WHAT IS EXPECTED >> Tell how many lines in the data hold "alguns", giving that figure alone.

GIVEN ENTRIES >>

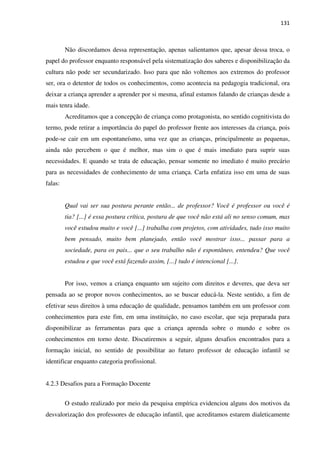 131
Não discordamos dessa representação, apenas salientamos que, apesar dessa troca, o
papel do professor enquanto responsável pela sistematização dos saberes e disponibilização da
cultura não pode ser secundarizado. Isso para que não voltemos aos extremos do professor
ser, ora o detentor de todos os conhecimentos, como acontecia na pedagogia tradicional, ora
deixar a criança aprender a aprender por si mesma, afinal estamos falando de crianças desde a
mais tenra idade.
Acreditamos que a concepção de criança como protagonista, no sentido cognitivista do
termo, pode retirar a importância do papel do professor frente aos interesses da criança, pois
pode-se cair em um espontaneísmo, uma vez que as crianças, principalmente as pequenas,
ainda não percebem o que é melhor, mas sim o que é mais imediato para suprir suas
necessidades. E quando se trata de educação, pensar somente no imediato é muito precário
para as necessidades de conhecimento de uma criança. Carla enfatiza isso em uma de suas
falas:
Qual vai ser sua postura perante então... de professor? Você é professor ou você é
tia? [...] é essa postura crítica, postura de que você não está ali no senso comum, mas
você estudou muito e você [...] trabalha com projetos, com atividades, tudo isso muito
bem pensado, muito bem planejado, então você mostrar isso... passar para a
sociedade, para os pais... que o seu trabalho não é espontâneo, entendeu? Que você
estudou e que você está fazendo assim, [...] tudo é intencional [...].
Por isso, vemos a criança enquanto um sujeito com direitos e deveres, que deva ser
pensada ao se propor novos conhecimentos, ao se buscar educá-la. Neste sentido, a fim de
efetivar seus direitos à uma educação de qualidade, pensamos também em um professor com
conhecimentos para este fim, em uma instituição, no caso escolar, que seja preparada para
disponibilizar as ferramentas para que a criança aprenda sobre o mundo e sobre os
conhecimentos em torno deste. Discutiremos a seguir, alguns desafios encontrados para a
formação inicial, no sentido de possibilitar ao futuro professor de educação infantil se
identificar enquanto categoria profissional.
4.2.3 Desafios para a Formação Docente
O estudo realizado por meio da pesquisa empírica evidenciou alguns dos motivos da
desvalorização dos professores de educação infantil, que acreditamos estarem dialeticamente
 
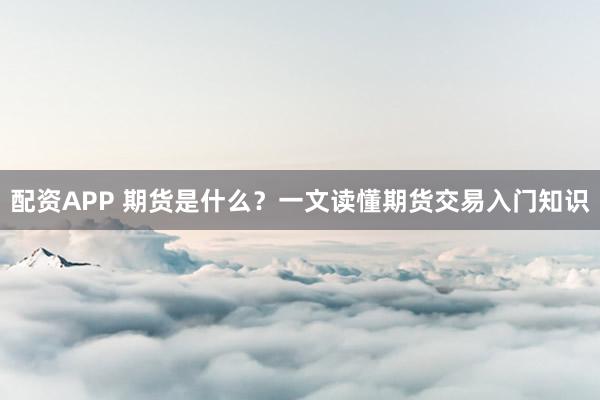 配资APP 期货是什么？一文读懂期货交易入门知识
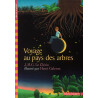 Voyage au pays des arbres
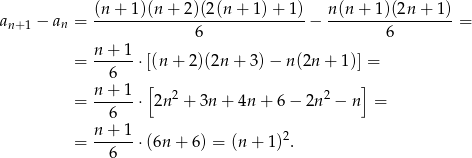  (n+ 1)(n + 2)(2(n + 1) + 1) n(n + 1)(2n + 1 ) an+1 − an = -----------------------------− -----------------= 6 6 = n+--1-⋅(n + 2 )(2n + 3)− n(2n + 1 ) = 6 [ ] n+ 1 [ 2 2 ] = ------⋅ 2n + 3n + 4n + 6− 2n − n = 6 = n+--1-⋅(6n + 6) = (n + 1)2. 6 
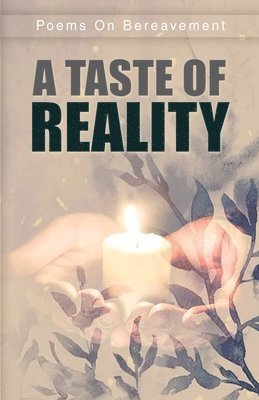 A Taste Of Reality 1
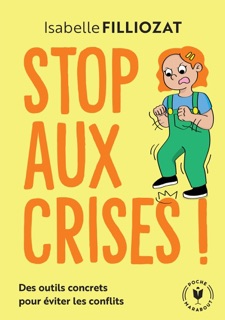 Stop aux crises ! by Isabelle Filliozat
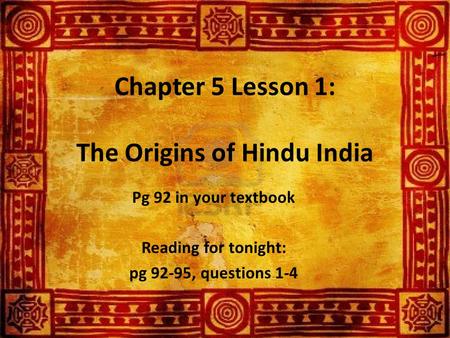 Chapter 5 Lesson 1: The Origins of Hindu India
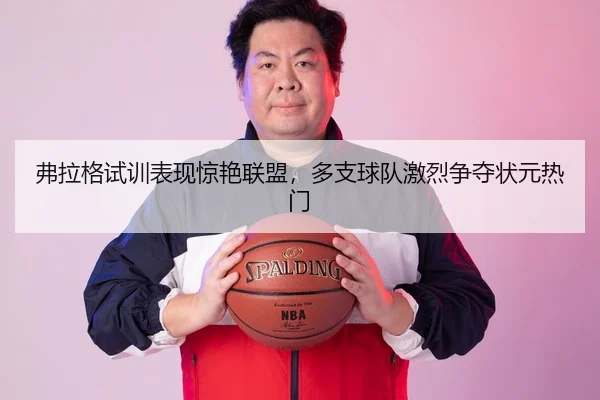 弗拉格试训表现惊艳联盟，多支球队激烈争夺状元热门 - CROWN SPORTS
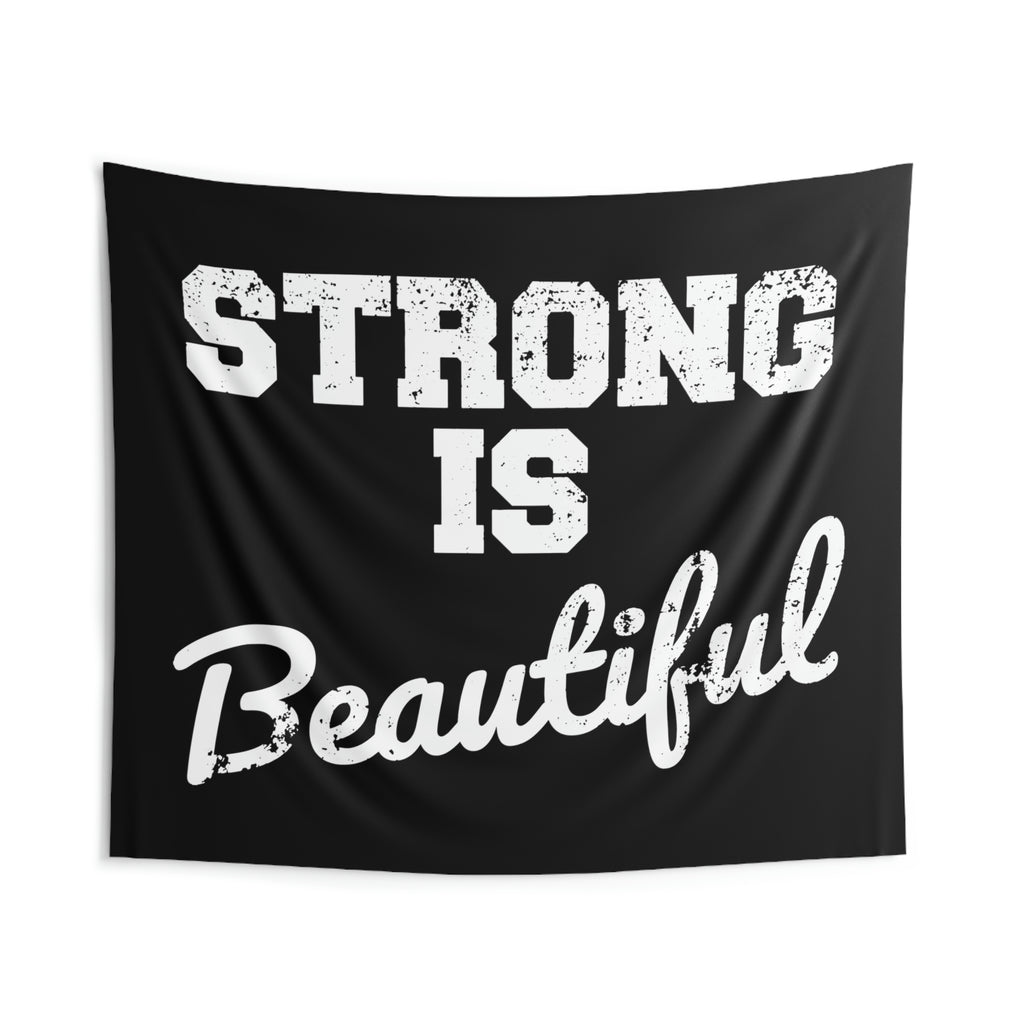Strong Is Beautiful - Indoor Wall Tapestries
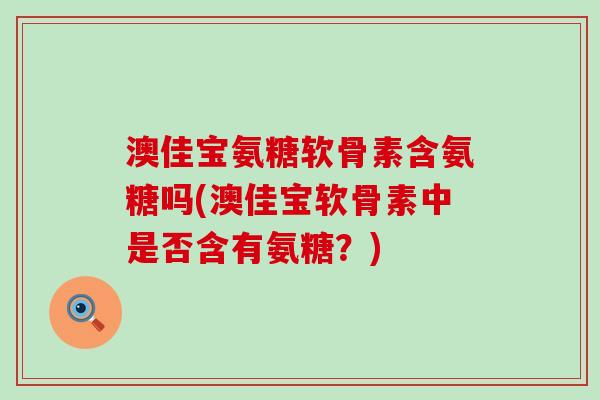 澳佳宝氨糖软骨素含氨糖吗(澳佳宝软骨素中是否含有氨糖?)-第1张图片-氨糖科普网 澳佳宝氨糖软骨素含氨糖吗(澳佳宝软骨素中是否含有氨糖?)-第1张图片-氨糖科普网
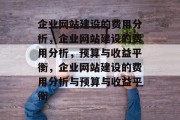 企业网站建设的费用分析，企业网站建设的费用分析，预算与收益平衡，企业网站建设的费用分析与预算与收益平衡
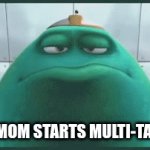 Mom's | WHEN MOM STARTS MULTI-TASKING. | image tagged in gifs,thezebra,multi-tasking mom | made w/ Imgflip video-to-gif maker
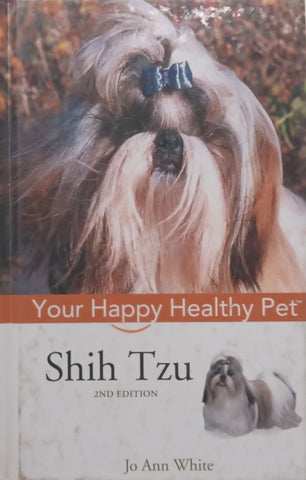 Shih Tzu (2nd Ed. Your Happy Healthy Pet Series) | Jo Ann White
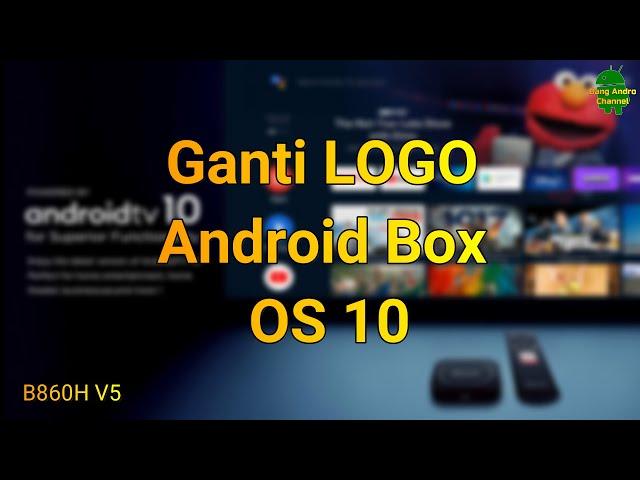 Ganti Logo Android Box OS 10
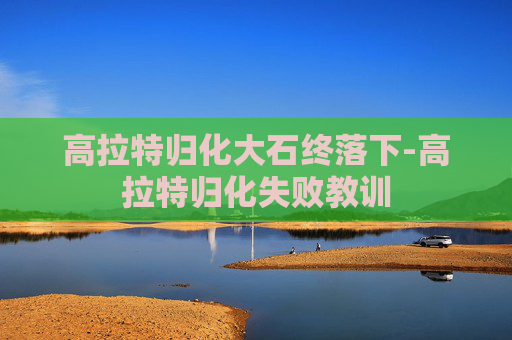 高拉特归化大石终落下-高拉特归化失败教训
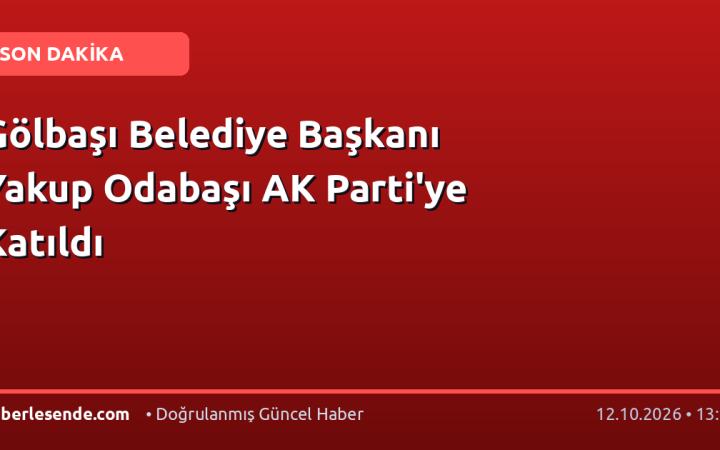 Gölbaşı Belediye Başkanı Yakup Odabaşı AK Parti'ye Katıldı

WRITTEN RESPONSE >> 2